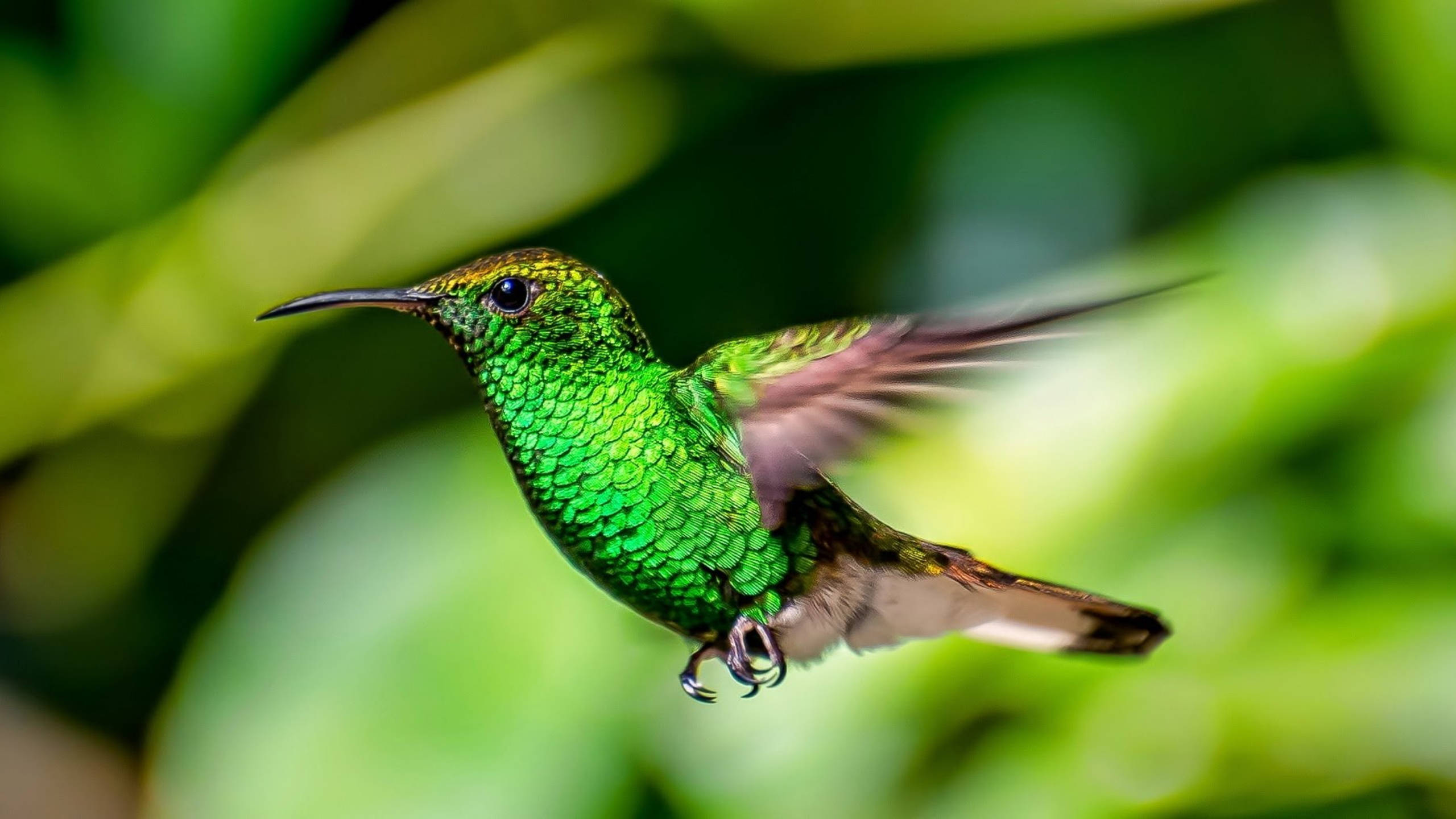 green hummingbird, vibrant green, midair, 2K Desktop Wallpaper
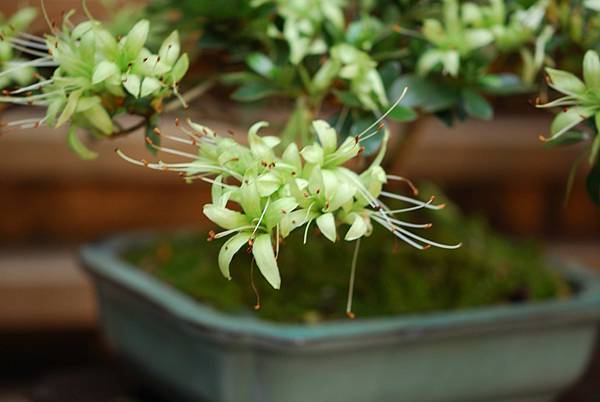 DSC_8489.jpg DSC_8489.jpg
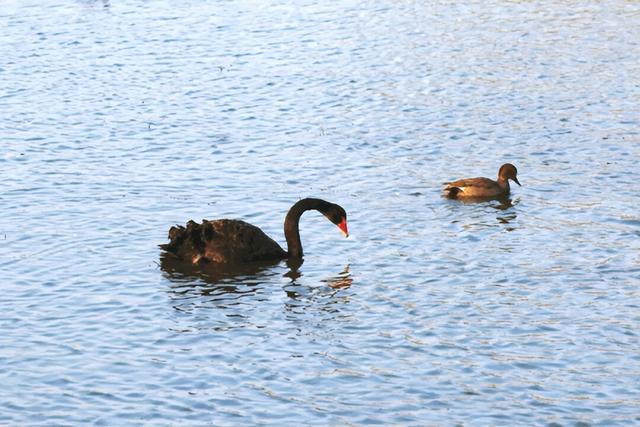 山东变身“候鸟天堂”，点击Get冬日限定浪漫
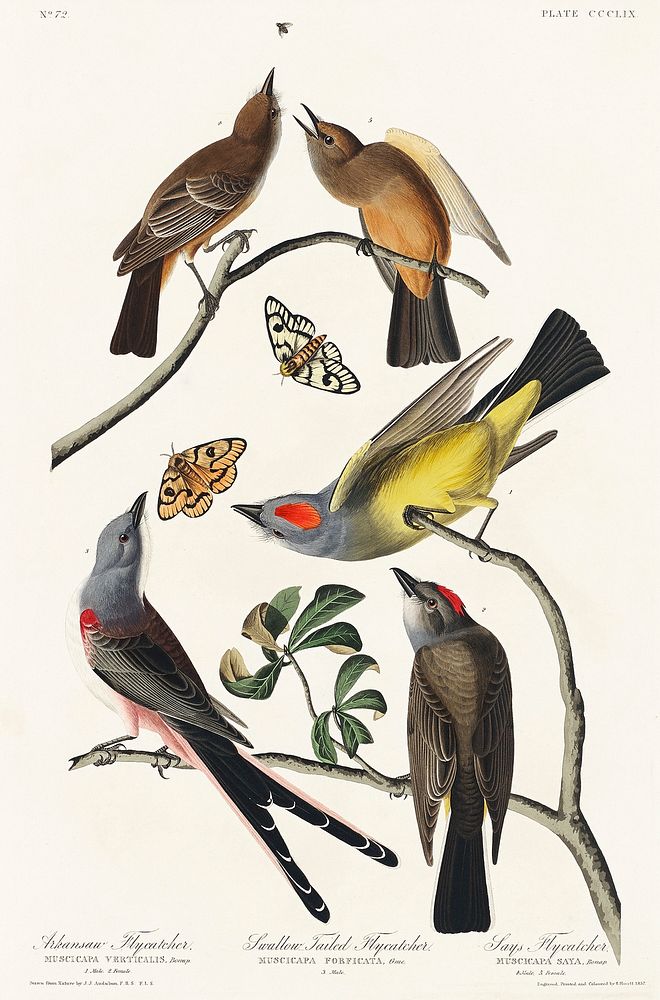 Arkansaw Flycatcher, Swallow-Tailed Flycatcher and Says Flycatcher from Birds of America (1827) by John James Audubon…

Your goal :: Reproduce the material in its entirety and word for word, without the pictures.

Result below ::
 green hummingbird, vibrant green, midair, 2K Desktop Wallpaper
 DSC_8489.jpg DSC_8489.jpg
 山东变身“候鸟天堂”，点击Get冬日限定浪漫
 Arkansaw Flycatcher, Swallow-Tailed Flycatcher and Says Flycatcher from Birds of America (1827) by John James Audubon…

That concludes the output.